4. Experimental methodology
The investigation engine used was computerised a single cylinder, four strokes, water cooled, direct injection Kirloskar TV1 model supplied from APEX Innovation Ltd at sangli, for research purpose diesel engine was modified to operate in HCCI mode. External mixture formation technique (Port Fuel Injection system with biodiesel fuel vaporiser) was adopted. The photographical view & schematic diagram of the experimental setup had shown in and .
Figure 3. Photographical view of the experimental setup.
Figure 4. Schematic diagram of the experimental setup.
The engine test bench was prepared with
Fuel vaporiser.
Electronic control unit to control port fuel injection (PFI) injector.
Exhaust gas recirculation (EGR) system.
Data acquisition system and crank angle encoder.
Pressure transducer
The properties of waste plastic pyrolysis oil are presented in . The engine parameters are specified in .
Figure 5. Schematic diagram of biodiesel fuel vaporiser.
Figure 6. Photo graphical view of ECU.
Table 1. Properties of diesel and waste plastic pyrolysis oil.
Table 2. Experimental engine specifications.
The fuel vaporiser comprises of a heating component, ceramic pipe and stainless steel pipe of diameter 30 mm. The length of the fuel vaporiser is 140 mm and warm-up time is 6 min. The nichrome warming wire is twisted over the ceramic pipe for warming alone.

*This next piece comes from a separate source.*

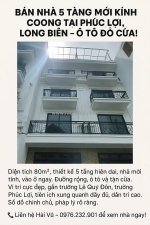 Bán nhà 5 tầng mới kính coong tại phúc lợi, long biên – ô tô đỗ cửa!
diện tích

The specifications and schematic diagram of the biodiesel fuel vaporiser are shown in and . The Port Fuel Injection (PFI) (up to 4 bars) was climb on the highest point of the fuel vaporiser to supply the right amount of fuel to the vaporiser. The PFI was restrained by an electronic control unit (ECU) and the photographical view shown in . The electronic control unit (ECU) controls both the timing and amount of the fuel. The experiments conducted with constant speed (1500 rpm) and different load conditions i.e. 25%, 50%, 75% and 100% and without EGR, with 5%, 10%, 15% EGR.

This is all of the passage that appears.